How has failure ever protected you from a path that wasn’t yours? (Thank you for the prompt Rojie!)
Far be it from me to sing the praises of marriages ending or vows not being taken seriously but when I was thinking of an answer to this prompt, undoing my marriage was the obvious answer.
My marriage failed.
I got married at age twenty-four on July 1 (Canada Day) in 2000. We had known each other a whole eight months and on the day we got engaged, had never even cohabited together. In fact, up until then, we’d lived nearly a thousand kilometres away from each other.
Of course none of that mattered to either of us at the time. We were in love (maybe), and both in a rush to get married and start a family. And the facts were the facts, he had a good job, I was just finishing college and about to start a career as a nurse, he was easy-going and treated me well, we had fun together.
What else do you need?
Well the answer is, lots. You need so much more than that. It’s just not that simple. Not for me anyway. I could never settle. So I didn’t settle.
I quit. I left. I got tired of playing second fiddle to a case of beer. Early on in the marriage the fights over it made me cry, broke my heart and disappointed me to a point where I fell over the edge of the cliff.
I quit caring about him or the marriage. I quit trying. I quit crying. Eventually realized I’d made a huge mistake.
That was fourteen years ago.
I no longer feel guilty about my failed marriage. It should have never happened, I made a mistake, he made millions of mistakes and so what.
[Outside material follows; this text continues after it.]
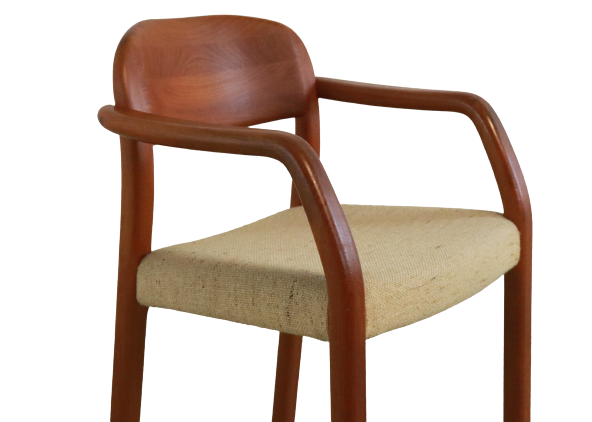 Danish design chair 'Bargum'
I was never truly myself in so many ways when I was married. I was young and foolish and always trying to impress someone, or live my life in ways that aligned with others’ likes or dislikes, instead of my own.
And furthermore, I feel like I wouldn’t have many of the things in my life that I have now, if I had stayed.
Not sure that I would have ever picked up writing again. Probably wouldn’t have Sid as I could never convince my ex-husband to sign up to be a foster parent. Definitely wouldn’t have Baby RR. And my home would never be adorned with the maximalist style it has today.
Oh and of course, there’s Clint. He’s absolutely no fun, I call him Mr. Safety in fact. He’s annoyingly by the book and predictable. He’ll never travel with me, refuses to fly. But he’s also never ever drunk or high and I know I can count on him. He’s an amazing partner to parent alongside, a great Daddy to Sid and Papa to Baby RR.